Weather events such as storms, hurricanes, lightning, tornados, flooding, and other severe weather events can result in significant economic impact due to damage to property and crops. Additionally, weather events can result in significant loss of life and injury.
This project involves exploring the United States National Oceanic and Atmospheric Administration’s (NOAA) storm database. This database tracks a number of characteristics of major weather events in the United States.
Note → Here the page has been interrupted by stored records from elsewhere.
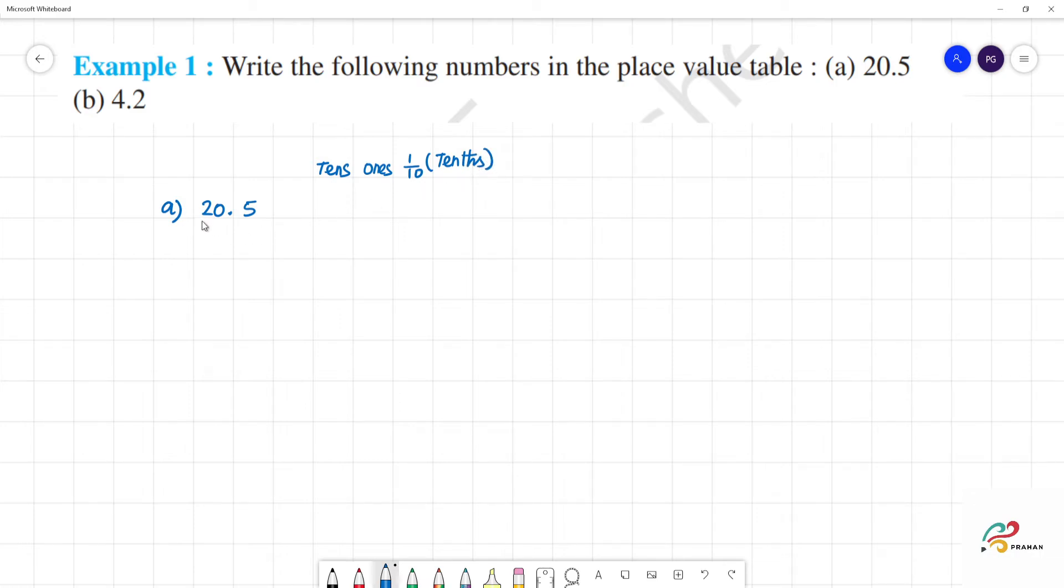So, what is tens? Tens is 2, ones is 0 and tenths is 5. This is the place value.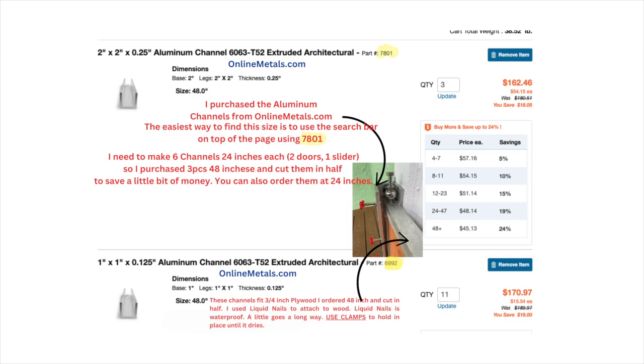Here's the online metals.com sheet. I ordered four foot channels and cut them in half to save some money.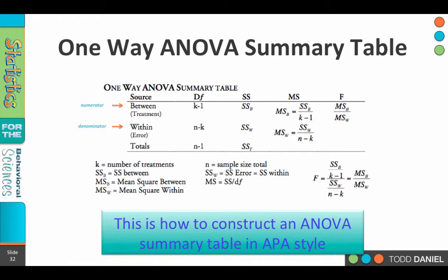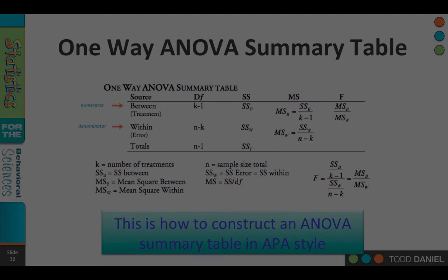This is how you construct an ANOVA summary table in APA style, and this is not simply an exercise for homework — it's the way you would construct an ANOVA summary table for an APA write-up, ultimately for publication.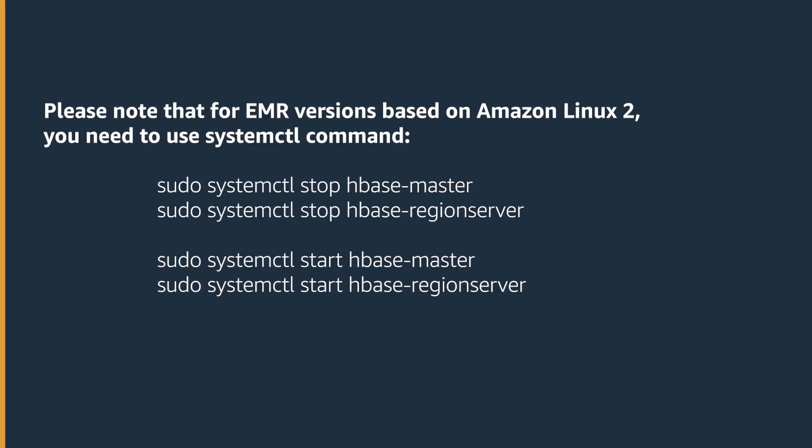Please note that for EMR versions based on Amazon Linux 2 you need to use systemctl command.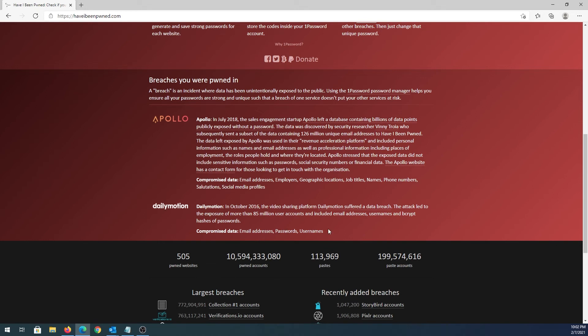So if you find that one of your email addresses was compromised, it's recommended to change your password right away on the websites that you have registered.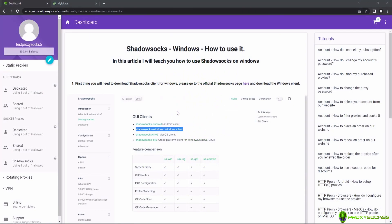Hi guys! In this video, I will teach you how to use Shadowsocks proxies on Windows.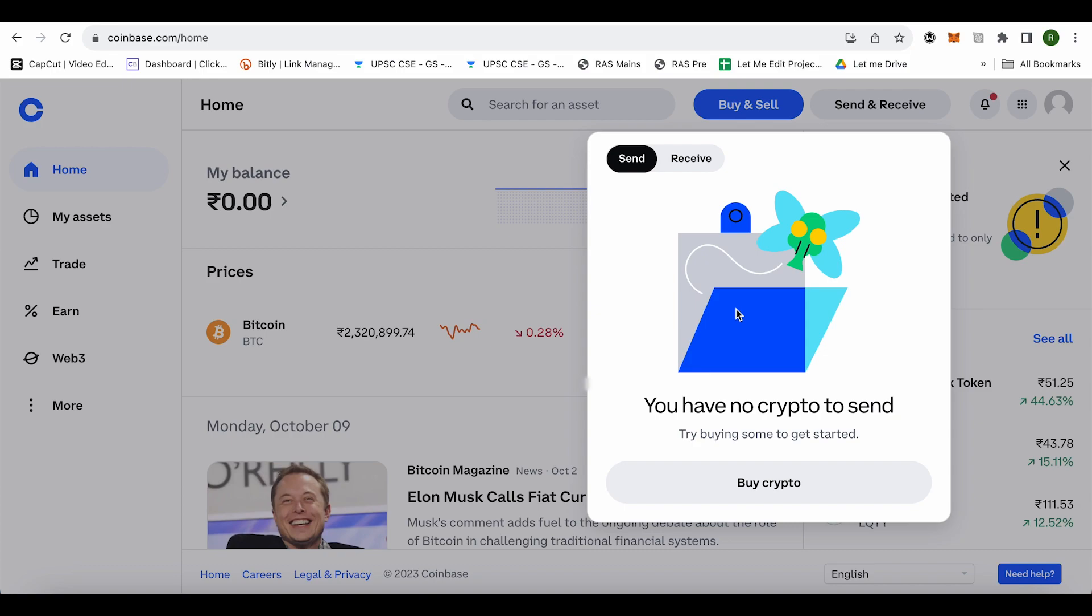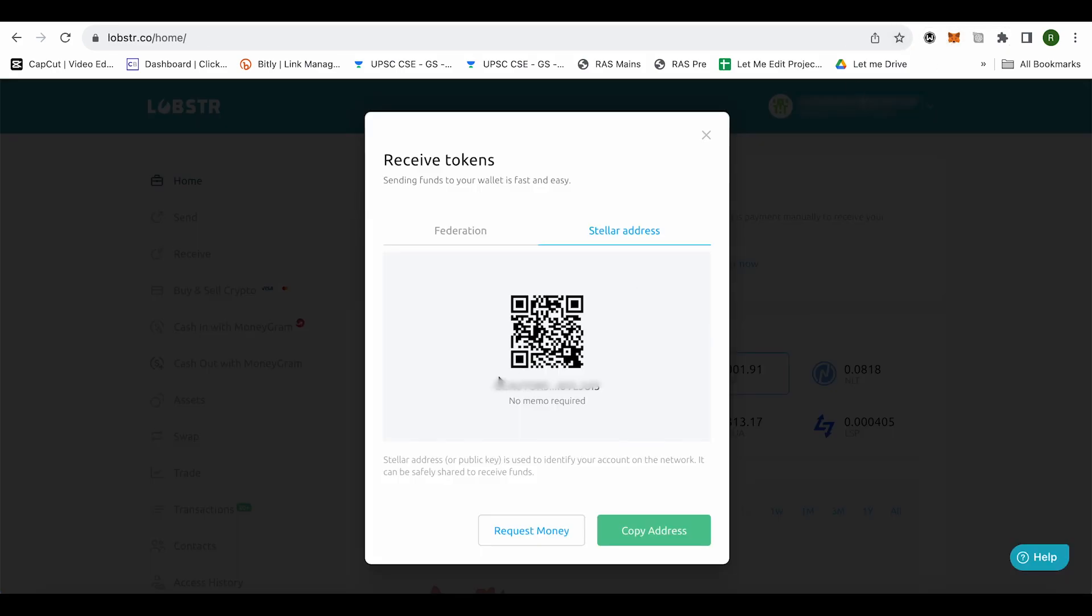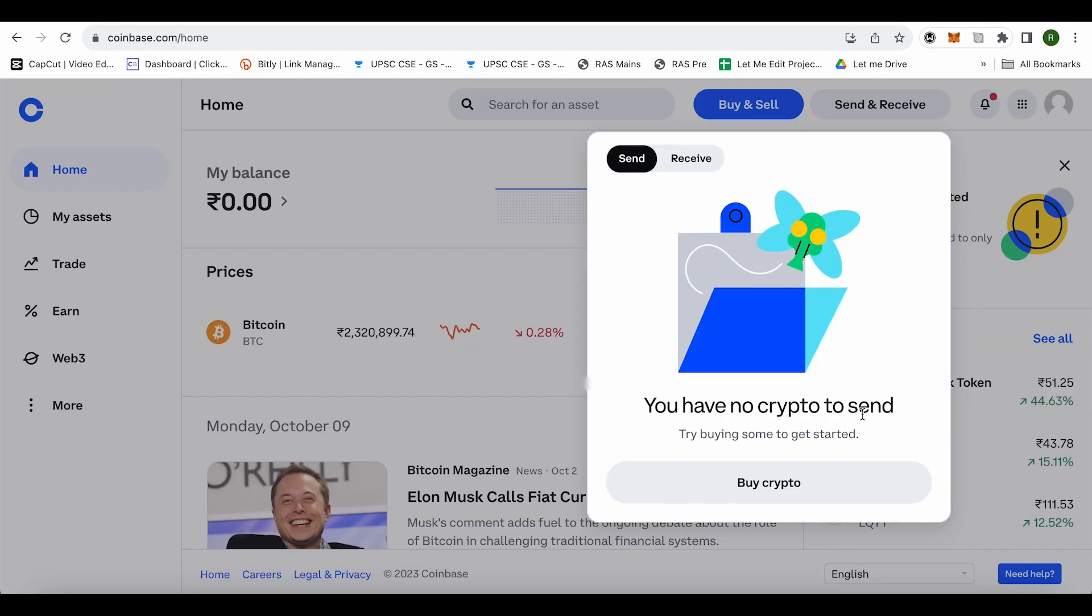You won't need a memo here since Lobster doesn't require any memo when sending XLM to Lobster. Just paste the address and send it.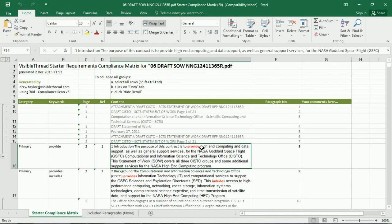Those are highlighted here in red along with the section they appear in in black text. Now you can see that there's some text which is black and some text which is gray. The black text is a section where VisibleThread has found a keyword from our dictionary that we used to create the compliance matrix. The gray text is just the section where the software has not found one of those keywords.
The NOAA storm database contains records from 1950 through 2011. Records indicate the event type, location data, date and time, property damage amounts, and crop damage amounts.
By understanding the economic and public health impacts of weather related events it is possible to properly allocate resources to reduce the negative impacts of the events.
Research Questions
If the data file does not exist then download the data file.
if (!"StormData.csv.bz2" %in% dir("./data")) {
URL <- "https://d396qusza40orc.cloudfront.net/repdata%2Fdata%2FStormData.csv.bz2"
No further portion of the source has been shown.